▶ _RECORDS FOR THE EXERCISE_:
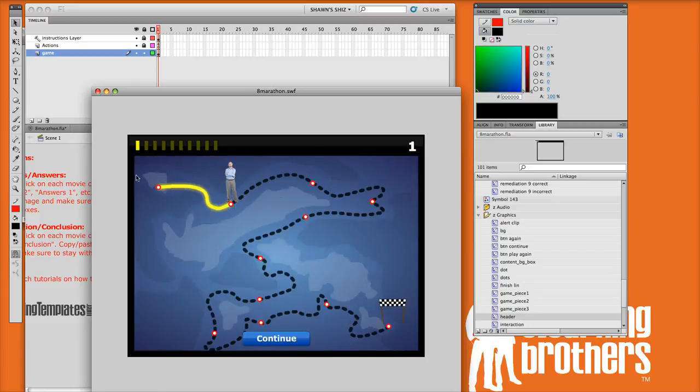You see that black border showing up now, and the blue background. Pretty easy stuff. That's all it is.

==

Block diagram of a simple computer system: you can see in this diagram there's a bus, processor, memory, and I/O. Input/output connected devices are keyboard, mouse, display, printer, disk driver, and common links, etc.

---

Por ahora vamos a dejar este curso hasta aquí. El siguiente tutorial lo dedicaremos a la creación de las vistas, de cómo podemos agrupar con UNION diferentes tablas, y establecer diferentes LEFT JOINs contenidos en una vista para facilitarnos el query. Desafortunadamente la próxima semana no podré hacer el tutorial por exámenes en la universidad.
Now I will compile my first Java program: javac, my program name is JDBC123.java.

▶ _WHAT IS EXPECTED_: Above are the records. Print exactly, and only, the lines from the line with "Por ahora vamos" to the line with "Now I will compile", both inclusive.

▶ _RESULT FOR THIS TASK_:
Por ahora vamos a dejar este curso hasta aquí. El siguiente tutorial lo dedicaremos a la creación de las vistas, de cómo podemos agrupar con UNION diferentes tablas, y establecer diferentes LEFT JOINs contenidos en una vista para facilitarnos el query. Desafortunadamente la próxima semana no podré hacer el tutorial por exámenes en la universidad.
Now I will compile my first Java program: javac, my program name is JDBC123.java.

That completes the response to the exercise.